An interesting component is that fragrance may be behind the success of my writing. Something I had never considered before. My books often talk about my personal experiences working with oils. Since I am also a Melissa bee priestess, I can often wander into the mythic, particularly about recollections of dreamwork and things that happened to me as a child being brought up by another aromatherapist. Studies reveal that autobiographical memories are better accessed using scent than any other retrieval cue.

A 2017 study of 170 participants, done by Tilburg University in the Netherlands compared scent versus images as a means of recollecting childhood memories. They were then asked to rate how much detail was involved in the memory, what the emotional intensity of it was, and how vivid. Odor created a much richer landscape for each of the participants. (de Bruijn, 2018)

Scientists have also proved that it is possible to improve mood by using scents to promote nostalgia for a happier time gone by as well as theoretically improving both spatial and working memory. (de Bruijn, 2018)

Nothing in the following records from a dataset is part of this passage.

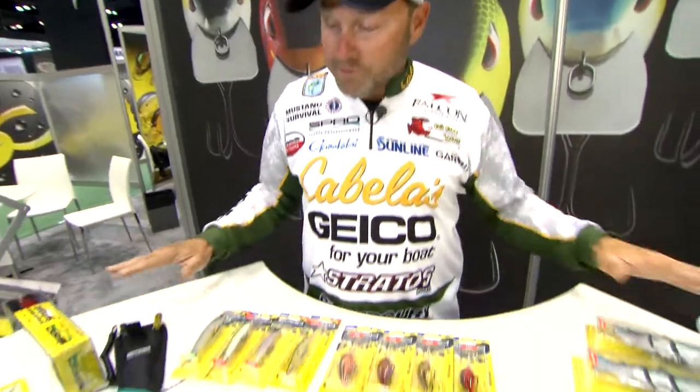Hey everyone, Mike McClellan here at ICAST 2017. As you can see, we're here at the Spro booth and we've got all this Spro stuff laid out.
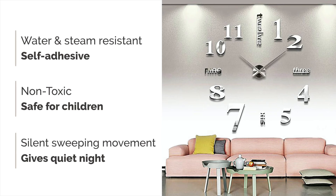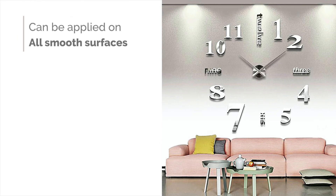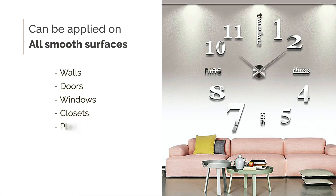Silent sweeping movements give you a quiet night. The decals can be applied on all smooth surfaces, such as walls, doors, windows, closets, plastic, metal, tiles and glass, etc.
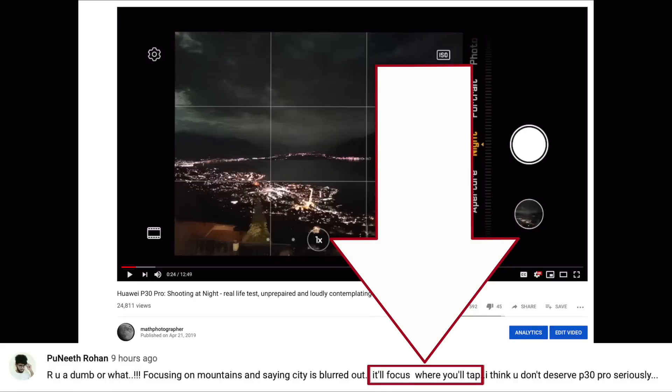In my video about the Huawei P30 Pro shooting at night, I received quite an aggressive comment from a guy named Rohan Puneeth. He says: 'Are you dumb or what, focusing on mountains and saying the city is blurred out? It will focus where you tap. I don't think you deserve the P30 Pro, seriously.' Making this video is not an attempt to comment on Rohan's communication style, as we have those people all over YouTube.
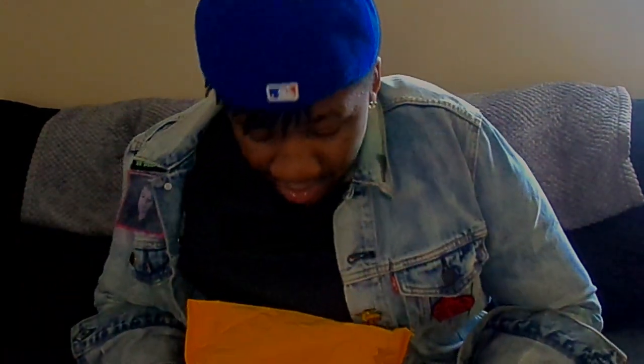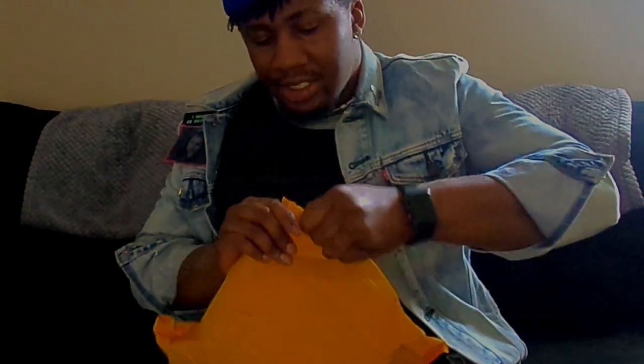Alright, I got something for y'all today again. It's pretty lit. I'm doing my gaming and shit, so let's see what's in here.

Find out more about using essential oils for PTSD.

Scent and Memory for Alzheimer’s

It may also be that autobiographical scents can improve future memory. When a person initially develops Alzheimer's disease, olfactory neurons are the first to decline. Work is underway to try to develop protocols to access happier memories through scent. (El Haj, 2022)

I always wonder what these might be.  I think for me though, they might not even be essential oils. How about marmalade? Palmolive soap? Bread and butter pudding? Parma violet sweets. The role of loved ones around you would be fundamental for the success of this I think.

Essential Oils for Memory

That said, the work into understanding what essential oils can do for memory is also interesting.

Importantly, inhaling lavender makes extinction learning easier, so there is a gradual deconditioning of the fear response to certain triggers, whether that is scent, sound, or other. It’s not only useful for PTSD but also for overcoming other conditioned fear responses. (Manganiello-Terra, 2022)

Inhalation is a vital tool here. Find out more at Inhalation of Essential Oils.

Quick Memory

Peppermint enhances memory whereas ylang-ylang impairs it and makes processing speed slower. If you have a math exam, you don’t want to be wearing ylang-ylang. However, the opposite is also true of using peppermint for someone who is already a little hyper because  Peppermint increases alertness. (Moss, 2008)

Efficient Memory

Salvia officinalis improves how efficiently you recall memories, but this is really more useful for people who are sitting exams than actual autobiographical memories. Not only do they improve cognition, but also mood. (Tildesley, 2005)

Find out more at Essential Oils to Improve Memory

Final Word on Scent and Memory

This is but a tiny snapshot of the work being done to understand the associations of scent and memory. It stands at the very forefront of aromatherapy, but of course also in the background of all of our everyday lives. It will be interesting to watch how the research develops and hopefully develops into a whole new meaning for the term Aromatherapy.